Instructions for the task
Could you print all the entries below exactly as they appear, omitting the pictures?

Dataset excerpts:

————————

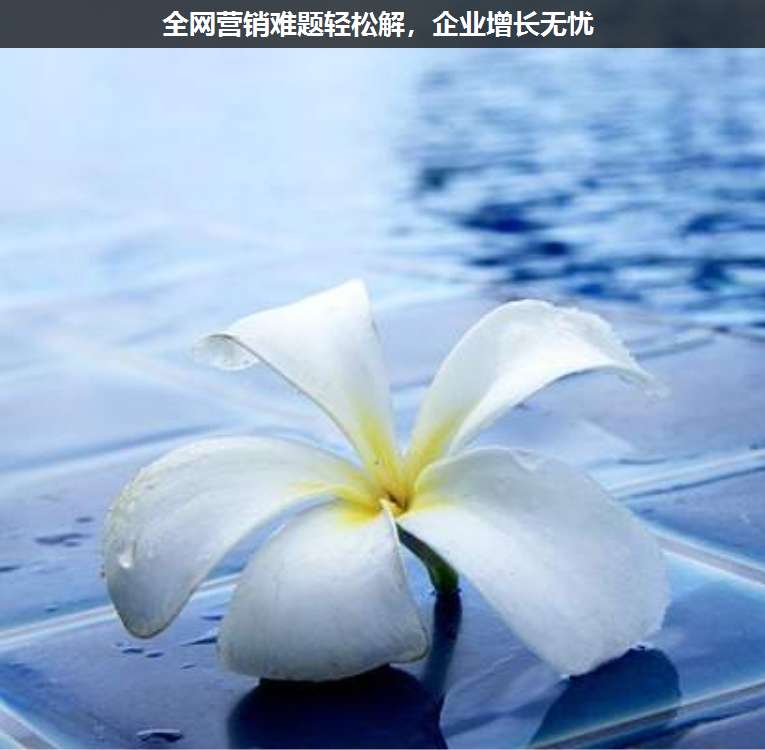 全網營銷難題輕松解，企業增長無憂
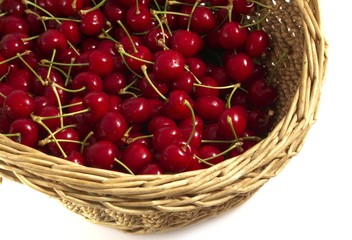 Basket of freshly picked cherries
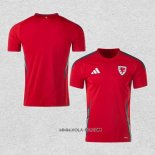 Camiseta Primera Gales 2024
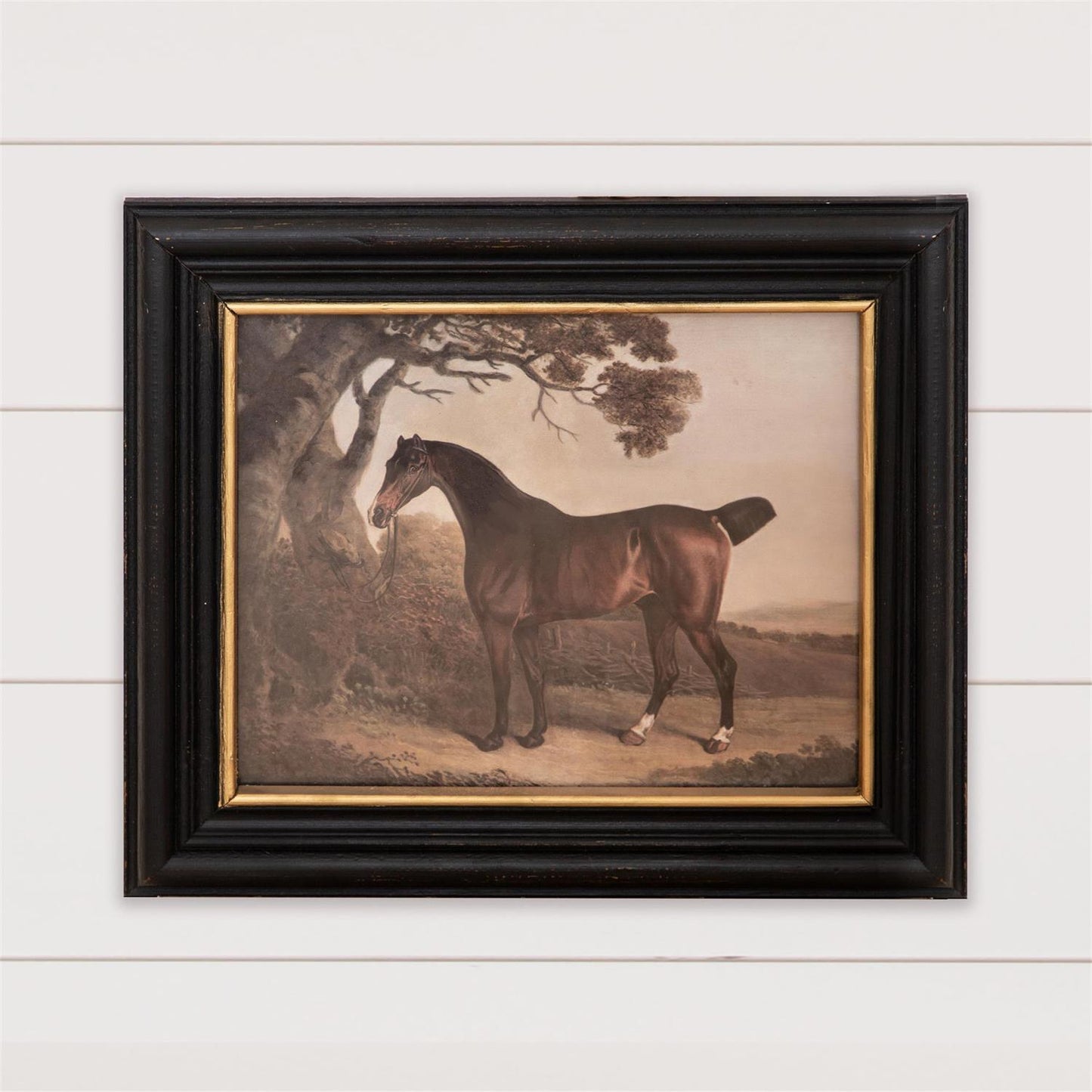 Horse Framed Print
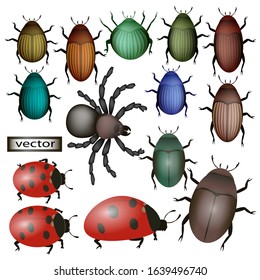 Vector illustration of beetles, spiders, ladybugs large set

————————

Written solution
 全網營銷難題輕松解，企業增長無憂
 Basket of freshly picked cherries
 Camiseta Primera Gales 2024
 Horse Framed Print
 Vector illustration of beetles, spiders, ladybugs large set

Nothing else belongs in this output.